Center for Asbestos Safety

Work Related Exposures to Cancer Chemotherapy Agents

When it comes to the management of or cure for cancer, chemotherapeutic agents offer patients a broad spectrum of benefits. Also known as cytotoxic or antineoplastic agents, chemotherapies essentially fight cancer via a chemical destruction of cells—cancer and healthy cells alike. Because of the non-discriminatory way in which chemotherapeutic agents destroy cells, they are considered to be extremely toxic substances that must be handled with great care. Relevant to occupational risk, antineoplastic agents are of particular concern to those health care professionals who work with these hazardous chemicals every day.

While the oncology nurses who administer chemotherapies, as well as the pharmacists who prepare them, run the greatest risk of occupational exposures to these cancer-fighting agents, the list of others who must remain vigilant against such exposures is long. Surgeons and attendant personnel may become exposed to cytotoxic agents when operating on a patient who is undergoing chemotherapeutic treatments.
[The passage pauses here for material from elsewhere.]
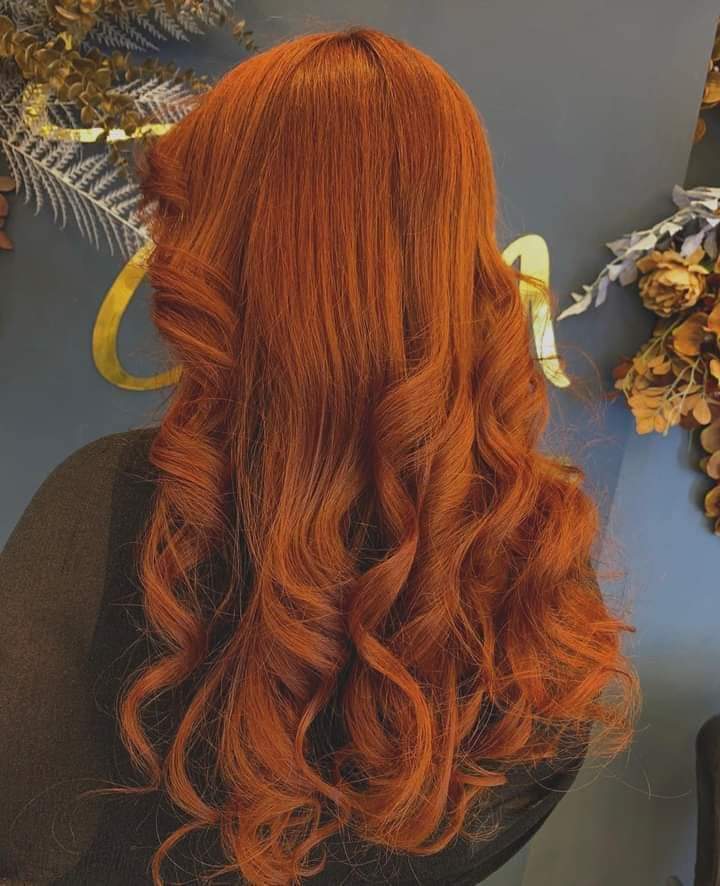 Salon Coiffeuse Bey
Custodial workers who routinely handle medical waste must guard against accidental exposures—shipping and receiving clerks, laundry workers, and just about anyone else who spends their occupational time in a cancer treatment setting must avoid unintentional exposures to chemotherapeutic agents.

The Risks to Health are High

While cytotoxic drugs and substances are on the front line of defense against cancer, most people are aware of the very serious side-effects that are generally associated with chemotherapy treatments. These side-effects are the result of the damage or death (apoptosis) of cells such as those briefly noted below:

While some of the side-effects of cancer chemotherapy are short-lived, others such as myelosuppression can take some time to overcome. Additionally, cytotoxic agents have been identified with long-term an/or permanent damage to the heart, kidneys, liver, bone marrow, reproductive system, etc., Clearly, antineoplastic agents can pose substantial occupational risks to workers who handle these agents every day, and as a result, health professionals have identified a number of biological markers that are used to test workers for the presence of these substances in their system. These biological endpoints are: chromosomal damage; urine mutagenicity; DNA damage; thioether excretion; sister chromatid exchange; micronuclei induction, and HPRT mutations.

One of the most common ways to test workers for the presence of antineoplastic agents, is to test for these drugs and/or their metabolites in urine. Urine tests provide medical setting workers with a fast, simple, and non-invasive way to screen for cytotoxic agents, and when such tests are combined with the approved methods for the safe handling and disposal of these substances, occupational risks to health are effectively minimized.